Top Gear crew reunites on Amazon Prime
They're back. Jeremy Clarkson, James May, and Richard Hammond will return to televisions and other screens in 2016 with a new automotive series on Amazon Prime. Andy Wilman, a longtime Top Gear executive producer, will oversee the new show, which wasn't named in the announcement. "I feel like I've climbed out of a bi-plane and into a spaceship," Clarkson said in a trolling statement that appeared directed at the BBC. Clarkson was sacked earlier this year for punching a producer, and the other two left the show. Top Gear will reboot with new host Chris Evans, and possibly Jenson Button. Amazon's show will go into production shortly.

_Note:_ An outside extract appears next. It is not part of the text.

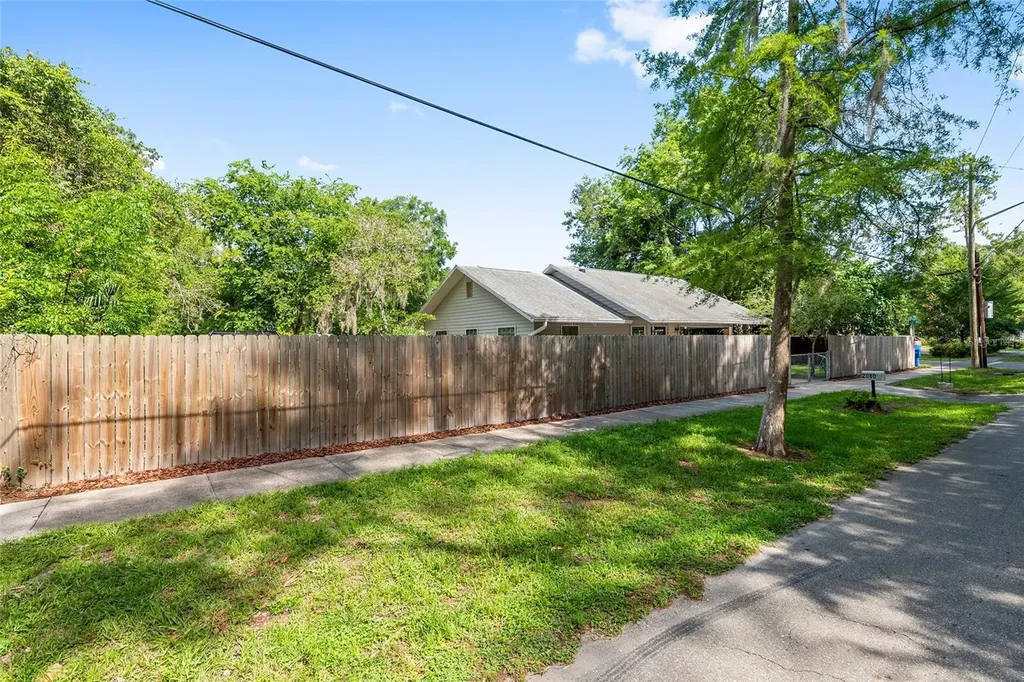 2080 NW 2nd Street Gainesville FL 32609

Ferrari 488 spider set for Frankfurt debut
Ferrari will reveal the 488 spider in September at the Frankfurt motor show featuring the company's patented retractable hardtop and its new twin-turbocharged V8 engine. Ferrari says the top is about 55 pounds lighter than a comparable cloth top and can close in 14 seconds. The two overlapping pieces lay flush over the engine compartment when the roof is down. The 488 has the same 3.9-liter engine as the 488 GTB, which makes 661 hp and 561 lb-ft. Ferrari says it allows the spider to hit 62 miles per hour in three seconds.